His initial concern, a concern he has shared with us since the accession of the pathetic king, Jehoiakim, to the throne of Judah in 609 B.C.E., is the danger of bad leadership. Kings of the people of God have very specific requirements for success. Those requirements are perhaps best laid out in Psalm 72, a certain song at the coronation of a king. We have no way of knowing when the psalm was written or for how many coronation ceremonies it was used, but we can be sure that it enshrines within its words the deepest hopes that Israel, in the sight of YHWH, had for its leaders.
Give the king your justice, O God,
and your righteousness to the son of the king.
May he judge your people with righteousness,
and your poor with justice (Ps. 72:1-2).
So there it is, as plainly as it can be stated: the king's primary concern is with righteousness and justice, most especially for the poor, the marginalized of the land. Kings, says the psalm, are judged on these capacities, not on the size and success of their armies, the splendor of their courts, the beauties of their oratory. For Jeremiah, the ironies of these kingly requirements are particularly acute.
He knew of a king dedicated to righteousness and justice, one who was deeply concerned with the poor, led by the scroll of something like Deuteronomy discovered in the walls of a rebuilt temple in 622 B.C.E. That king was Josiah, but his disastrous and absurd death in 609 B.C.E. led to the accession of two of his sons, the first little more than a cipher for the power of Babylon, and the second a decidedly wretched example of Israelite kingship who would rather "compete in cedar," as the prophet sarcastically names the king's love of architectural grandeur, than "do justice and righteousness," as his father had done (Jer. 22:15). In brief, Jehoiakim is no king worthy of the name, and Jeremiah with withering scorn spends a significant portion of his oracles castigating the shortcomings of this would-be king.
In chapter 23 he turns to the metaphor of the shepherd to heap more calumny on this king and any others who claim leadership of the people but are in fact no leaders at all. After all, Jeremiah has also seen the accession to the kingship of another Babylonian stooge, Zedekiah, who early played the puppet for Babylon, but then revolted against the giant empire, incurring the wrath of Nebuchadnezzar and the final destruction of Jerusalem. "Woe to the shepherds who destroy and scatter the sheep of my pasture, says YHWH! Therefore, thus says YHWH, God of Israel, against the shepherds who shepherd my people: you have scattered my flock, driven them off, not tending them. Look! I will tend you for your evil actions, says YHWH" (Jer. 23:1-2). These would-be shepherds of Israel, instead of attending to the concerns of their flocks, especially the poor among them, have instead "destroyed and scattered" them. These are no shepherds, but rather marauders, butchers of the flock. There is a nasty pun locked into verse 2. The verb I translate "tend" (pachad) may be read as "tending" or "paying attention," but it can also mean "visit" in the sense of God's visitation in anger and wrath. Though these shepherds have not been paying attention, YHWH has been paying careful attention and will now turn full divine attention on those failed shepherds who themselves will be destroyed and scattered just like their flocks.

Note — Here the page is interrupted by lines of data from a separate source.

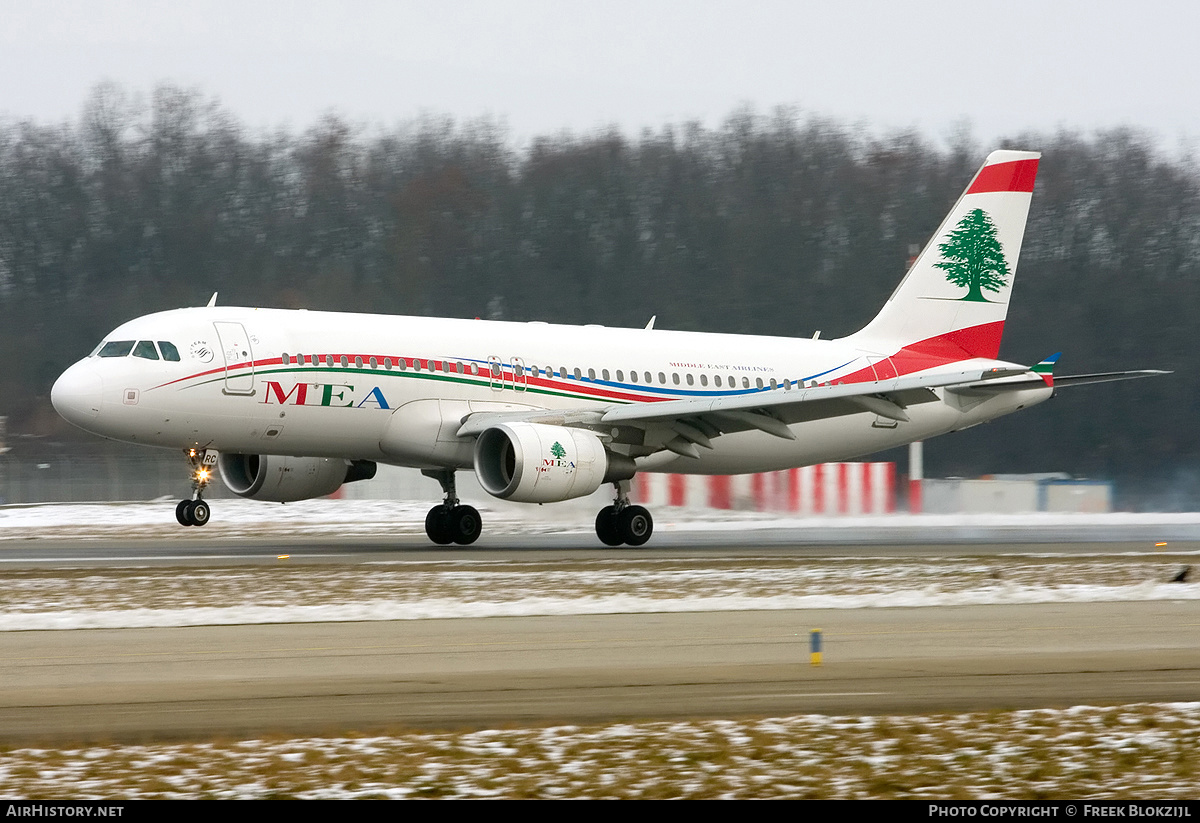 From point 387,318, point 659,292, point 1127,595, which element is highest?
point 659,292

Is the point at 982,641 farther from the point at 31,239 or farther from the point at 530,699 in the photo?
the point at 31,239

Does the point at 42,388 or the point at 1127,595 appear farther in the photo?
the point at 42,388

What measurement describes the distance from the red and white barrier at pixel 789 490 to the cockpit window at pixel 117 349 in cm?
1580

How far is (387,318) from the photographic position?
25.8 meters

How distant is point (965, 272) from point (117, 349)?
56.5 ft

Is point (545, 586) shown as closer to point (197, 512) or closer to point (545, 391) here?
point (197, 512)

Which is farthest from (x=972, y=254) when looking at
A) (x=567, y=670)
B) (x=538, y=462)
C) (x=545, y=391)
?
(x=567, y=670)

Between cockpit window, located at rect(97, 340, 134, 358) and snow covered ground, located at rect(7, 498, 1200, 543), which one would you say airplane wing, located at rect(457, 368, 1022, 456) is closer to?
snow covered ground, located at rect(7, 498, 1200, 543)

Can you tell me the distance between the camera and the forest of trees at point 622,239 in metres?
61.8

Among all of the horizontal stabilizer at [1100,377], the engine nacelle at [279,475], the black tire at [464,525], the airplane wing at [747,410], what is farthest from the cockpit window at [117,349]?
the horizontal stabilizer at [1100,377]

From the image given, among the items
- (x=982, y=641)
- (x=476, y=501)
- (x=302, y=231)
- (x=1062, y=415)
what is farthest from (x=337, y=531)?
(x=1062, y=415)

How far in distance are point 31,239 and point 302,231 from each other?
11.1 meters

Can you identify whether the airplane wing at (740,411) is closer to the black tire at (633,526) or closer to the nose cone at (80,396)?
the black tire at (633,526)

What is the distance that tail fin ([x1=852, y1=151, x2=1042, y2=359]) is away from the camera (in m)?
31.3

Instead, YHWH will "gather the remnant of my flock from all the lands where I have driven them; I will bring them back to their fold where they will be fruitful and multiply" (Jer. 23:3). Jeremiah here predicts the return of the scattered people of Israel, those who have been exiled in 597 B.C.E. and perhaps even those exiled in 587/586 B.C.E., if these words were recorded after the final exile. He insists that the cause of the exile has been the false shepherds of Israel. Despite the failure of these kings, still YHWH will reconstitute the community of God's people who upon their return to the land will be "fruitful and multiply," thus fulfilling the ancient promise of Genesis 1:28.
And after that return of God's people to God's land, God will "raise up shepherds over them who will (actually!) shepherd them. They shall not fear any more, nor be terrified, for they shall not be visited," (the same word as in vs. 2) either by God or by any enemy" (Jer. 23:4). Better days are coming, says Jeremiah, because better leaders will finally appear who will do the bidding of God.